I was going through this wikipedia article on standard error. I could not understand the crucial step here. It goes like this:
This formula may be derived from what we know about the variance of a sum of independent random variables.
If $X_1, X_2 , \ldots, X_n$ are n independent observations from a population that has a mean $\mu$ and standard deviation $\sigma$ , then the variance of the total
$T = (X_1 + X_2 + \cdots + X_n)$ is $n\sigma^2$. Understood.
The variance of T/n must be $\frac{1}{n^2}n\sigma^2=\frac{\sigma^2}{n}$. Not understood.

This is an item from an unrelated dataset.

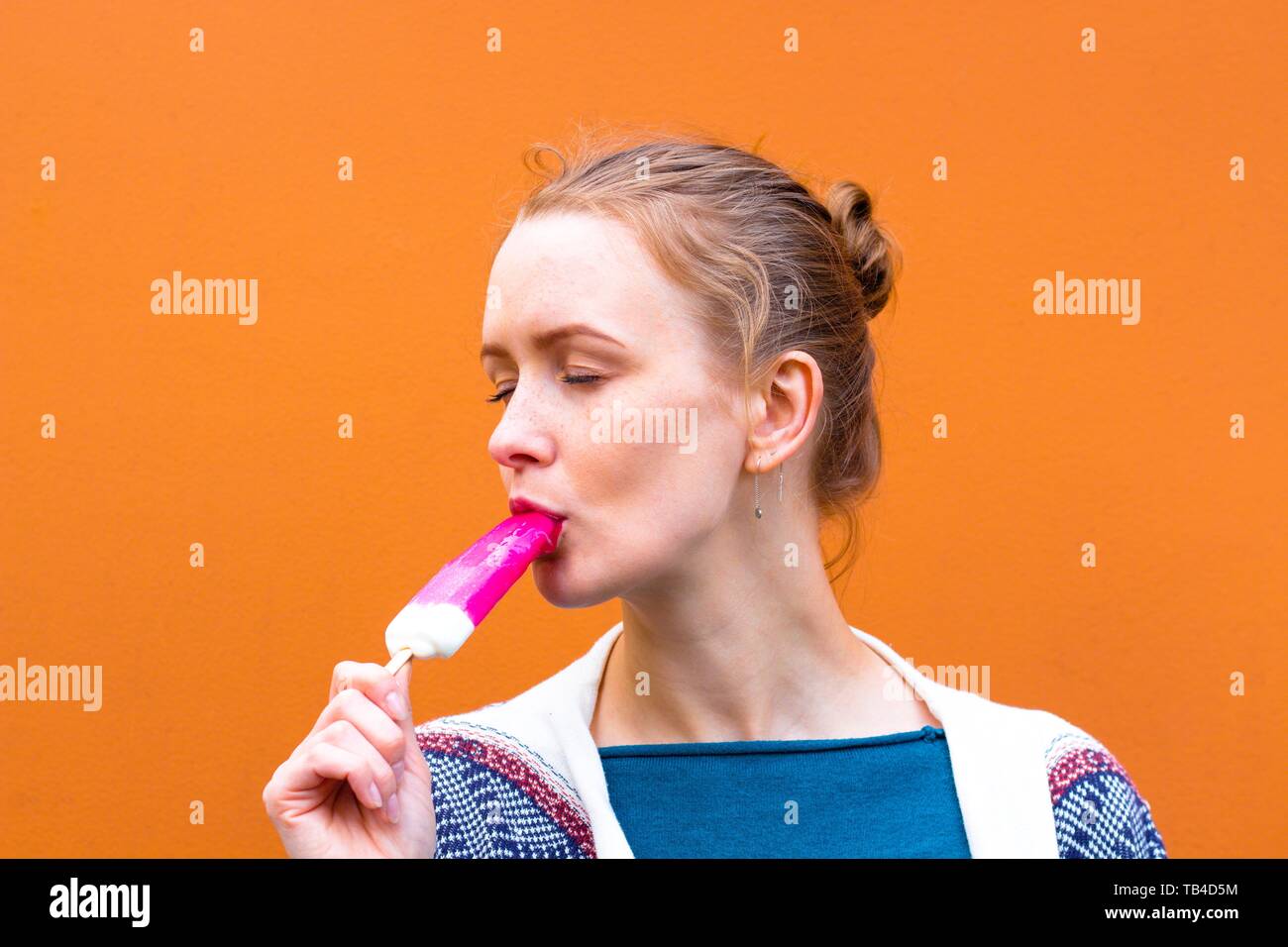 Beautiful and young girl eats a pink hue ice cream and enjoys. She closed her eyes from enjoying the ice frost Stock Photo
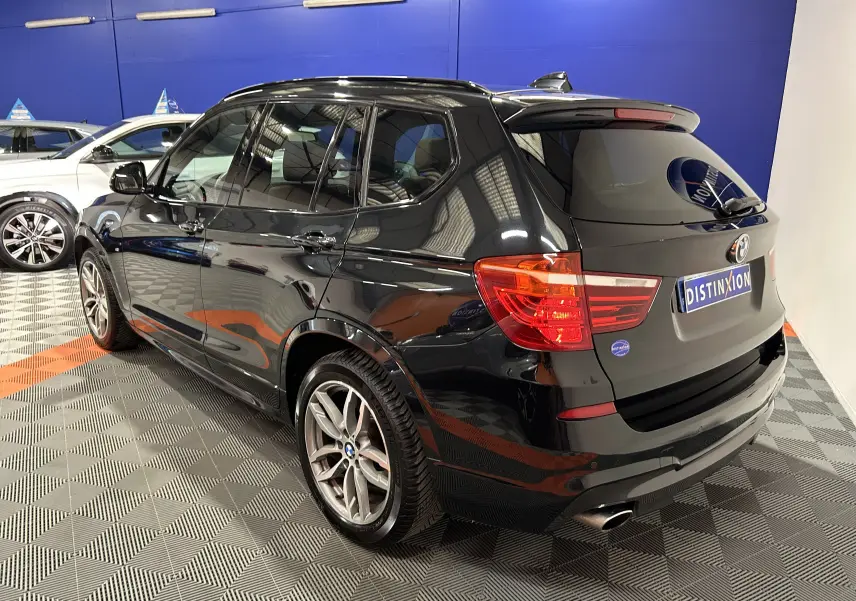 BMW X3 noir vue 3/4 arrière droit en intérieur, avec toit ouvrant et attelage visible sur le hayon.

And the standard deviation of T/n must be $\sigma/{\sqrt{n}}$ . Of course, T/n is the sample mean $\bar{x}$ .
I went to some basics:
$\displaystyle Var(X)=\frac{1}{n}\sum_{i=1}^{n}({x_i-\mu})^2$
$\displaystyle Var(X)=\frac{1}{n}\sum_{i=1}^{n}({x_i^2+\mu^2-2x_i\mu})$
$\displaystyle Var(X)=\frac{1}{n}\sum_{i=1}^{n}x_i^2+\mu^2-\frac{2}{n}\sum_{i=1}^{n}x_i\mu$
As Sample mean is an unbiased estimate of population mean, we get
$\displaystyle Var(X)=\frac{1}{n}\sum_{i=1}^{n}x_i^2-\mu^2$
$\displaystyle Var(X)=E(X^2)-(E(X))^2$
Nothing useful found from this.
Why is there a $1/n^2$ in that step to get variance ?
Let $Y$ be any random variable. Let $Z = Y/n$. Then $$Z^2 = \frac1{n^2} Y^2,$$ $$E(Z^2) = E\left(\frac1{n^2} Y^2\right) = \frac1{n^2} E(Y^2)$$ and therefore $$E\left(\left(\frac Yn\right)^2\right) = \frac1{n^2} E(Y^2).$$ Also, $$E(Z) = E\left(\frac1n Y\right) = \frac1n E(Y).$$ So from $Var(Y)=E(Y^2)-(E(Y))^2$ and $Var(Z)=E(Z^2)-(E(Z))^2,$ we find $$\begin{eqnarray} Var\left(\frac Yn\right) = Var(Z) &=& E(Z^2)-(E(Z))^2\\ &=& \frac1{n^2} E(Y^2) - \left(\frac1n E(Y)\right)^2 \\ &=& \frac1{n^2} \left(E(Y^2) - \left( E(Y)\right)^2 \right) \\ &=& \frac1{n^2} Var(Y). \end{eqnarray}$$ Now consider the case where $Y = T$.